# 5 min. limit



## richard rouleau (Apr 12, 2008)

well i shot 5 quail in 5 min. today fired 7 times and had my quail i hate this limit they should rise the limit on quail to 10 here in utah [attachment=0:33euucnx]007.JPG[/attachment:33euucnx]


----------



## 90redryder (Oct 10, 2011)

I dont want to know where this hotspot is, but if you could tell me whats the best terrain for finding quail that would be awesome. I see them all over the neighborhood but whenever im up in the hills i dont see any. Do they prefer the lowlands that are flat or the steep mountain terrain?
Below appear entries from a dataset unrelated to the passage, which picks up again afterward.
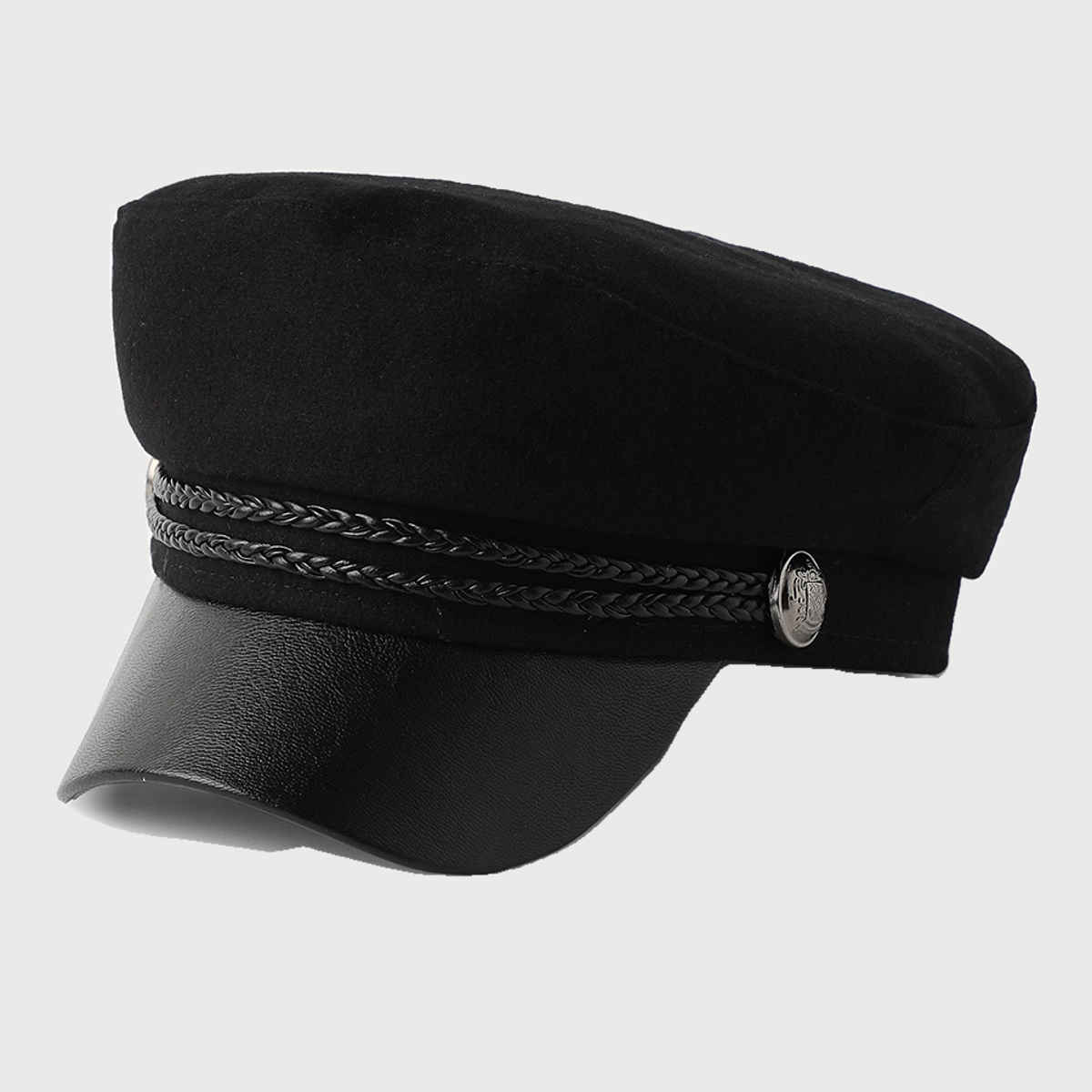 Haute Sauce Women's Textured Polyester Breton Cap | Black - One Size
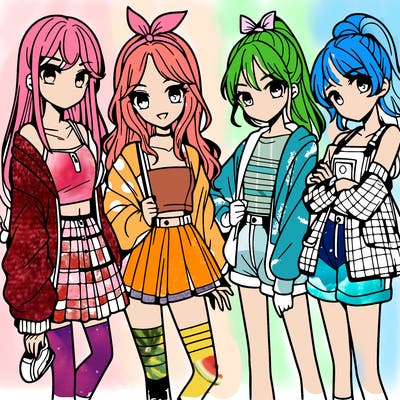 teen manga girls group of 4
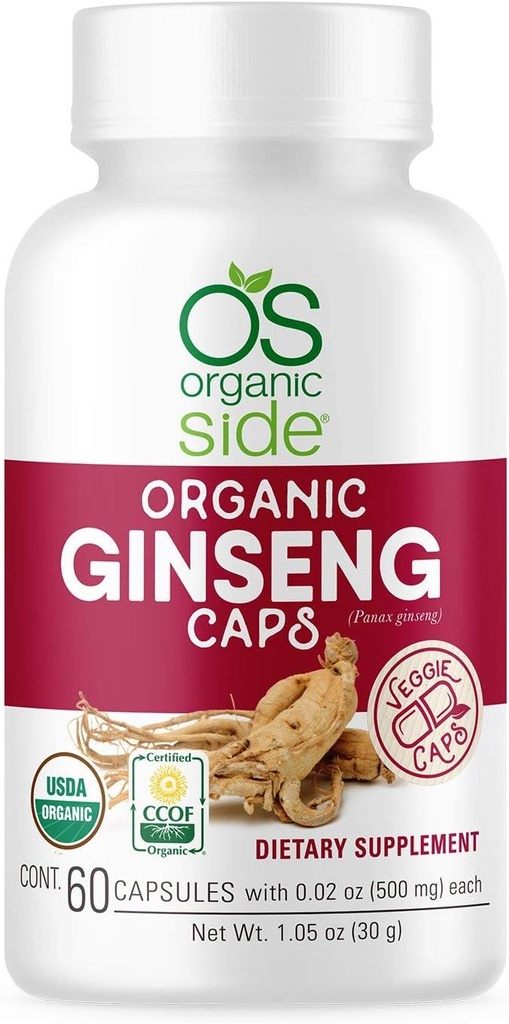Ginseng 60 Capsules Adaptogen pour le soulagement du stress, l'énergie boost, le soutien immunitaire Adaptatif certifié USDA biologique, non-OGM, supplément végétalien pour le bien-être naturel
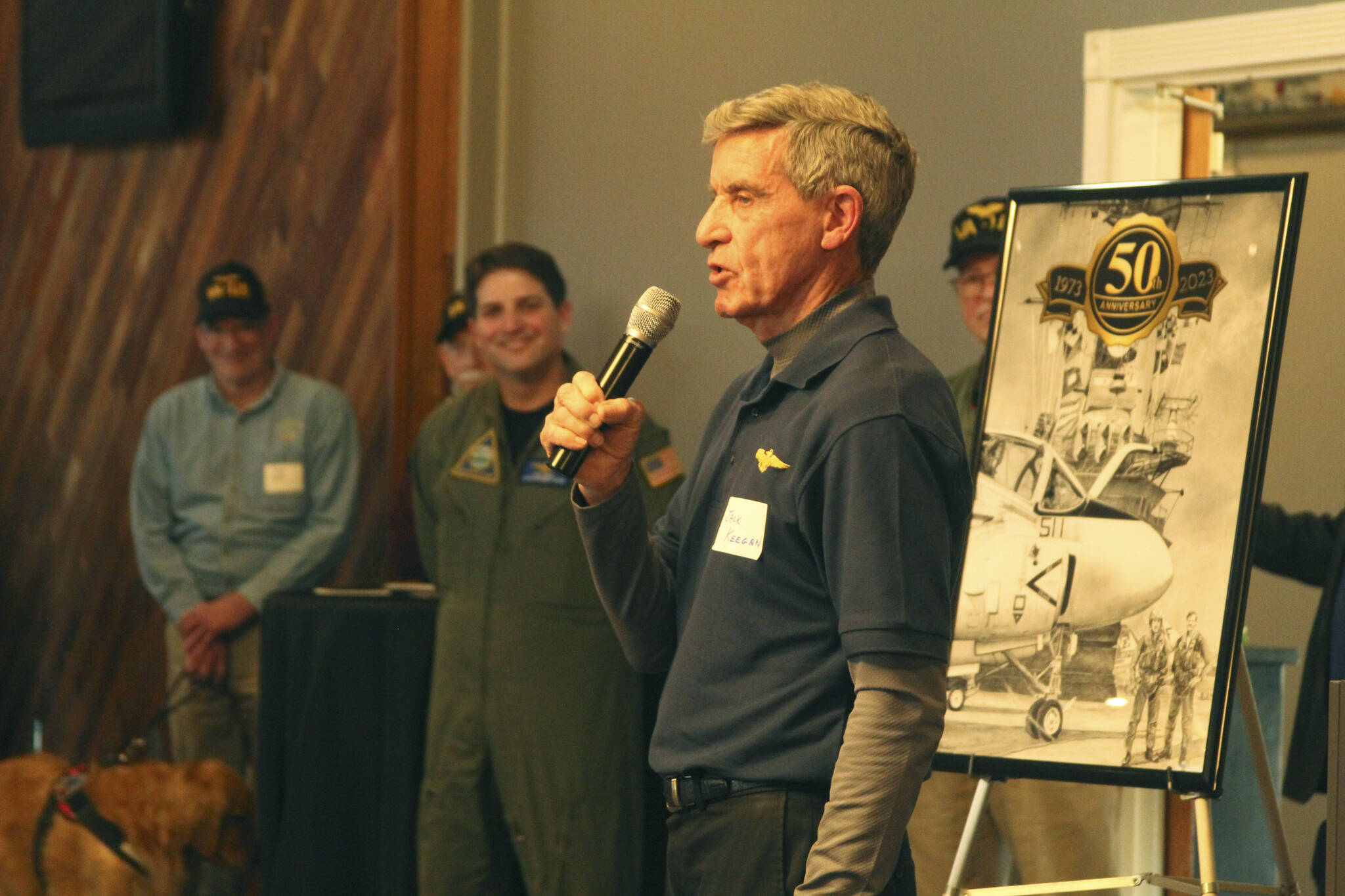 Photo by Karina Andrew/Whidbey News-Times
Former VA-115 member Jack Keegan speaks at a presentation on base commemorating the last crew from NAS Whidbey Island shot down during the Vietnam War.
If you couldnt tell already, quail is one bird i've never hunted.


----------



## richard rouleau (Apr 12, 2008)

i shot these in southern utah out in the desert


----------



## iluvchukars (Oct 21, 2009)

Well done. Been quite some time since i have gotten into quail. Too much private land or houses up here.


----------



## Theekillerbee (Jan 8, 2009)

Congrats on a nice bag. That's some good shootin' and some good eatin' right there.


----------



## tigerpincer (Dec 5, 2009)

Sweet day indeed. Gotta love those Quail. I am looking forward to a trip here in December to get after them thar Gambels assumeably down in yer neck of the woods.


----------